The Brussels Effect” – the extraterritorial pull of EU rules – remains potent, but chiefly in consumer‑facing domains such as data protection (GDPR), sustainability reporting and product safety. In technology‑heavy or security‑salient sectors, diffusion increasingly requires transatlantic or minilateral alignment and leverage along supply chains. Rule‑making in finance and tech matters only when paired with market‑access incentives and credible enforcement; otherwise, normative diffusion remains aspirational. Capturing an industry standard (5G architectures, payment messaging, AI safety protocols) can yield durable leverage – but only where market share and coalition coverage sustain the economics of compliance.

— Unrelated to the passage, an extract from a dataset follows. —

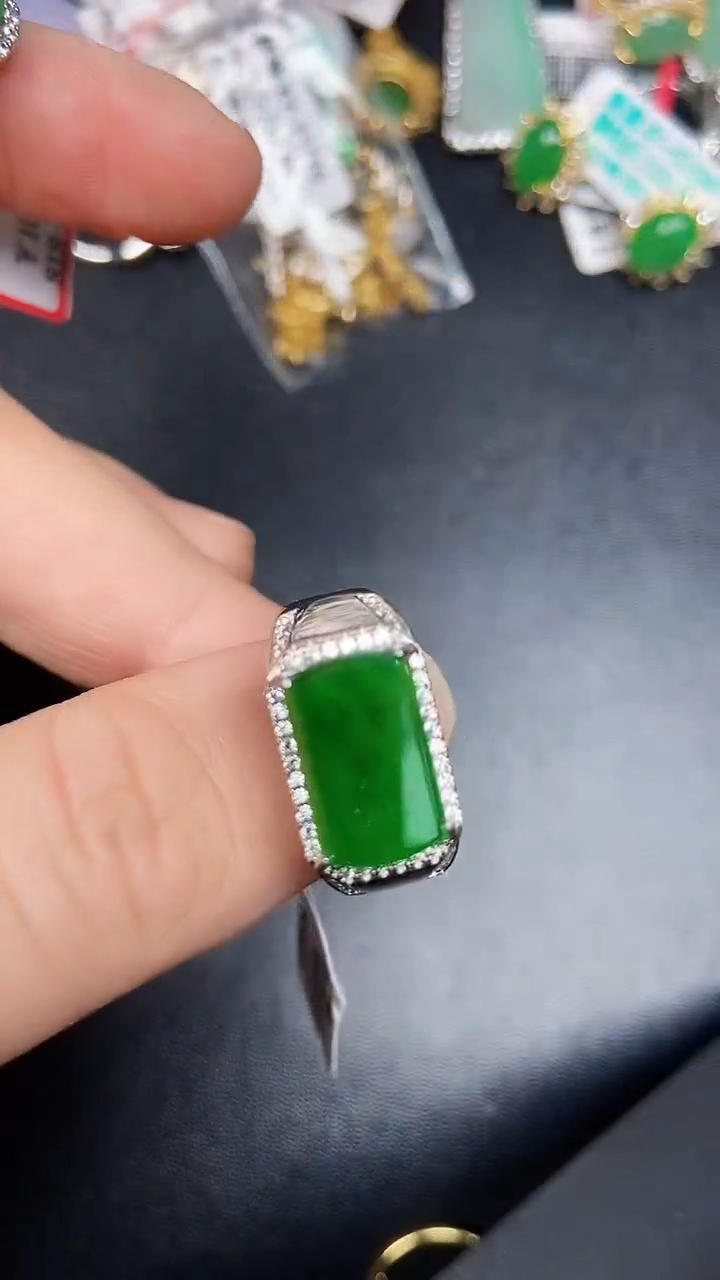 银S925镶嵌戒指翡翠7400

Europe’s weight – and its exposure to coercion over energy, raw materials and markets – argues for treating regulatory reach as a multiplier, not a substitute, for industrial and hard power. Narrative authority matters as well: the ability to frame issues persuasively shapes diplomatic alignments and market leverage. After Russia’s 2022 invasion of Ukraine, more than a thousand companies, driven by reputational risk and normative stance, curtailed operations in Russia beyond what sanctions strictly required. Effects varied by sector and jurisdiction, yet the voluntary exit imposed real economic costs independent of state coercion. Power now has a significant ideological component that lines on a map and resource endowments alone cannot capture.

States seen as reliable rule‑abiders with transparent institutions find it easier to assemble coalitions, mobilize private finance and sustain frontier technology ecosystems. Those that flout rules court isolation. Regulatory and soft power, properly used, do not replace deterrence – they compound it.

These three case studies, and the pitfalls related to the Haushoferian vision of maps as absolutes, prove that geopolitics fit for the twenty‑first century must pair spatial insight with an appreciation of networks, norms and intangible assets. It should recognize that agency can rewrite scripts that maps seem to dictate, that state sovereignty cannot be taken away without inviting instability, that resilience is built through diversified interdependence rather than autarkic illusions, and that regulatory credibility and soft power multiply the effects of material capabilities. Anything less risks strategic myopia dressed up as cartographic certainty.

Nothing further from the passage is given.